Problem description | Please restate the records below word for word, leaving out every picture.
------ Data for this exercise
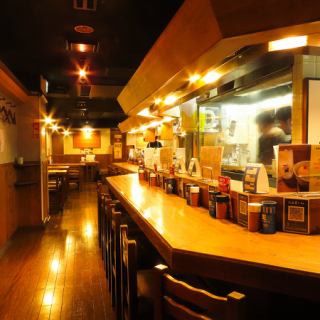 カウンタ―19席あります！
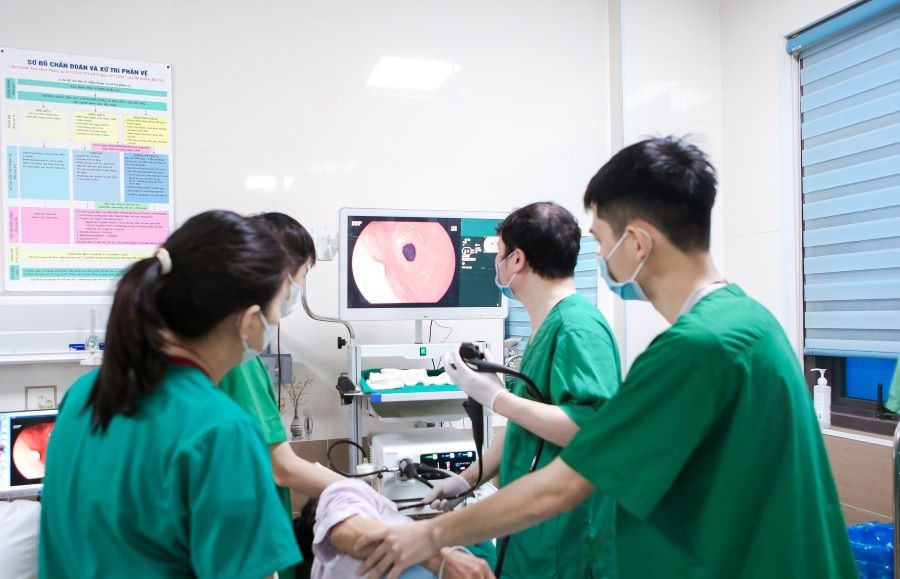 TTYT huyện Hạ Hòa triển khai nhiều kỹ thuật chuyên sâu mới. 487827978-1070781008407240-5247242336881997373-n.jpg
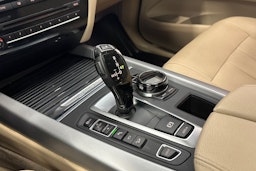 sininen BMW X5 2016 kuva 26.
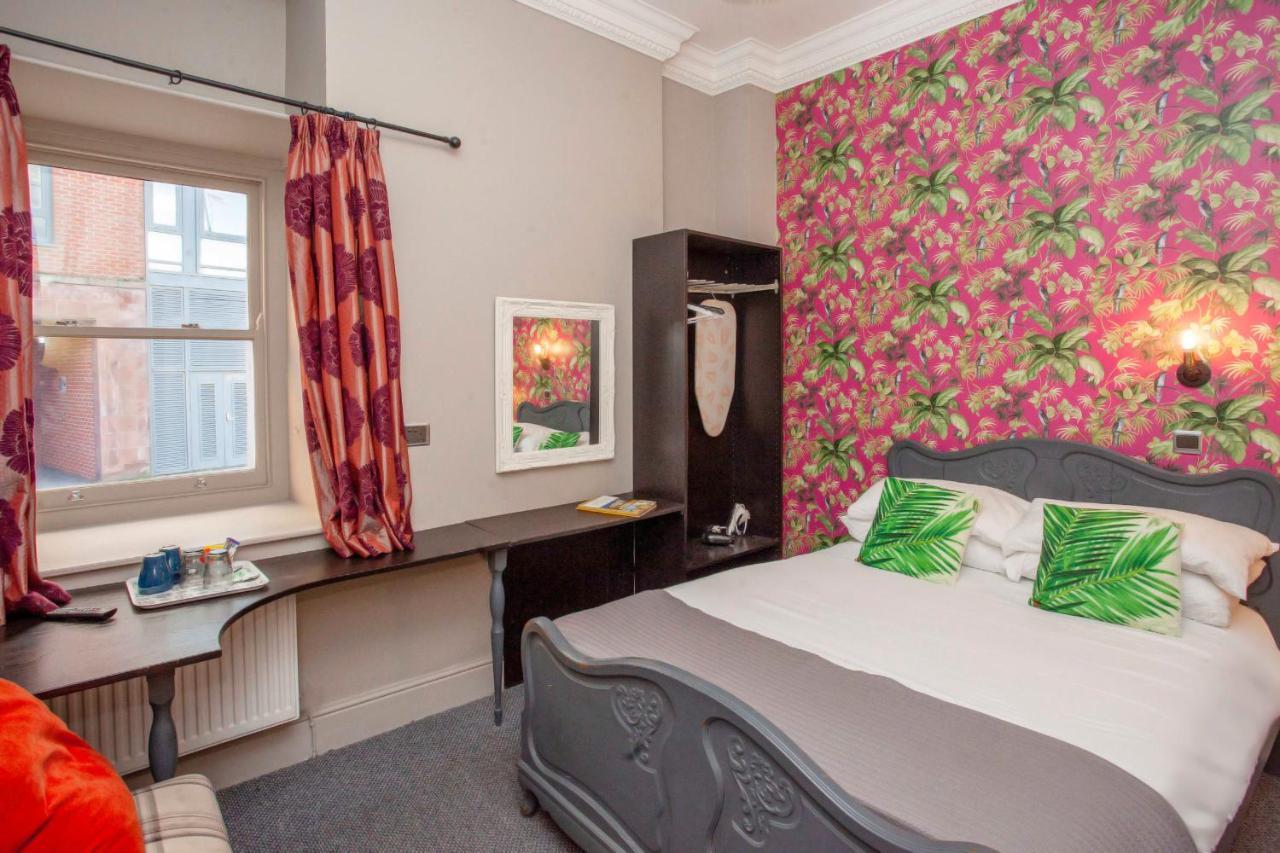 Higgihaus #5 Sleeps 14-16 Hens Stags Big Groups Holiday home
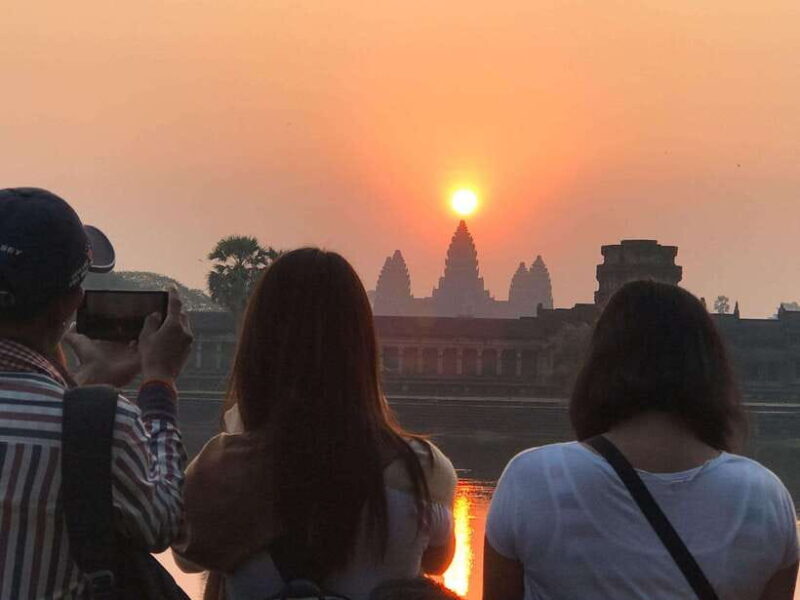 Private Guide: 1-Day Tour to Angkor Wat - The Practicalities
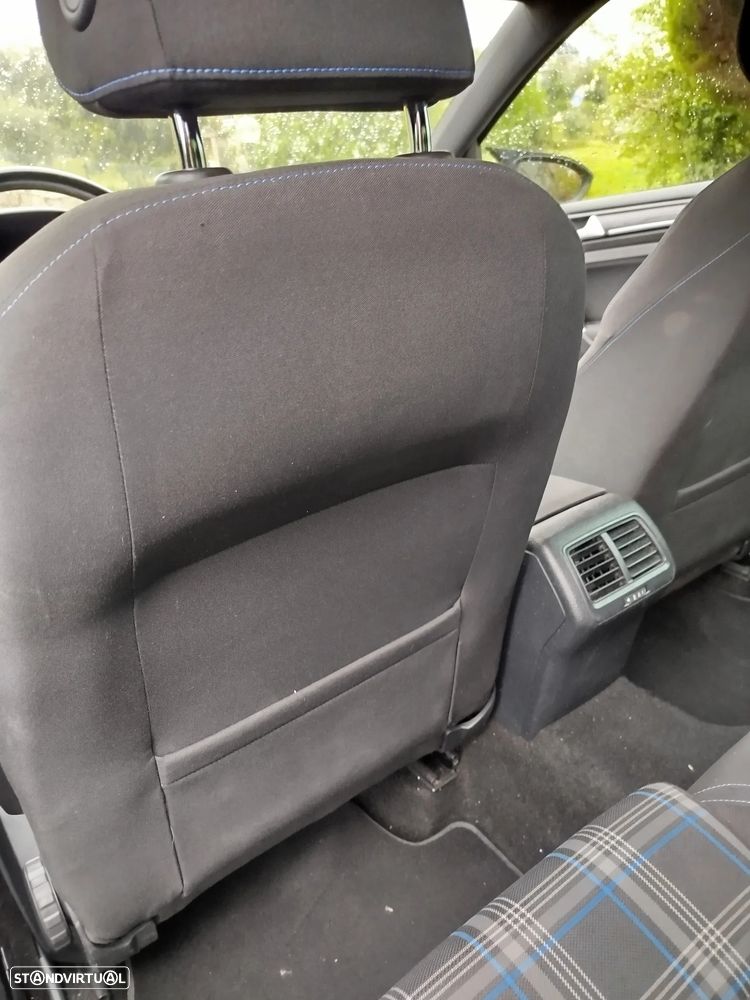 VW Golf 1.4 GTE Plug-in - 10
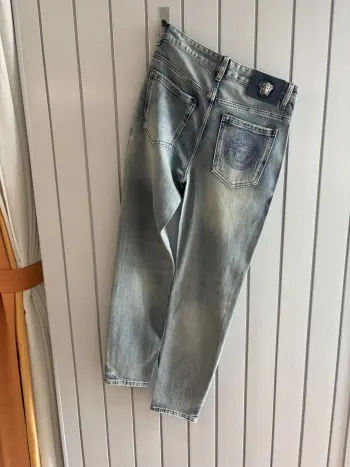 2026春夏经典蓝洗水牛仔裤 高仿范思哲牛仔裤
------------
Output for this exercise |
 カウンタ―19席あります！
 TTYT huyện Hạ Hòa triển khai nhiều kỹ thuật chuyên sâu mới. 487827978-1070781008407240-5247242336881997373-n.jpg
 sininen BMW X5 2016 kuva 26.
 Higgihaus #5 Sleeps 14-16 Hens Stags Big Groups Holiday home
 Private Guide: 1-Day Tour to Angkor Wat - The Practicalities
 VW Golf 1.4 GTE Plug-in - 10
 2026春夏经典蓝洗水牛仔裤 高仿范思哲牛仔裤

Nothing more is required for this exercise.